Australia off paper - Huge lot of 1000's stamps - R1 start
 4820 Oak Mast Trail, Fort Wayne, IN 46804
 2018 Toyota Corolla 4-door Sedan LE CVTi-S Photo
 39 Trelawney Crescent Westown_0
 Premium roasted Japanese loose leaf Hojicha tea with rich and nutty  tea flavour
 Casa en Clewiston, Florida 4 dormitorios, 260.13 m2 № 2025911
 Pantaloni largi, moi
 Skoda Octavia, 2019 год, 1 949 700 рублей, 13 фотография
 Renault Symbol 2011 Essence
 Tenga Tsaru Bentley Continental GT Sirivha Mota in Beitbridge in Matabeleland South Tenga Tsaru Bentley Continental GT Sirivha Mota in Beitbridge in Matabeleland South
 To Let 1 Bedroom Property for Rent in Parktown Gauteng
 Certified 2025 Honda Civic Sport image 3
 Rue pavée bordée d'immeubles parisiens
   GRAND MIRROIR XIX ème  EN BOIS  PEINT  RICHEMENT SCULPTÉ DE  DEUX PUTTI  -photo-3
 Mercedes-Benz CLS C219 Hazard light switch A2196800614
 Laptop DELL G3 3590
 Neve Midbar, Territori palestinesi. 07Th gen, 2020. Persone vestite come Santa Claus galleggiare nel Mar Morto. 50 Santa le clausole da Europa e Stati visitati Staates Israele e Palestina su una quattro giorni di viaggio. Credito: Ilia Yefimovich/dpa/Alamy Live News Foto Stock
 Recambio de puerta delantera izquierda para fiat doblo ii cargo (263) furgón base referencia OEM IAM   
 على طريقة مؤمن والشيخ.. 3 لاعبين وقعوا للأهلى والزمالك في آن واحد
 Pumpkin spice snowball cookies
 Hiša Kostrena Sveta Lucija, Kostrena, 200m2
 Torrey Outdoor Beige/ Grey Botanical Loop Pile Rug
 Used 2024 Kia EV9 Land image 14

⁂

Using the listing, filter for "image" and return the matching lines.

 Certified 2025 Honda Civic Sport image 3
 Used 2024 Kia EV9 Land image 14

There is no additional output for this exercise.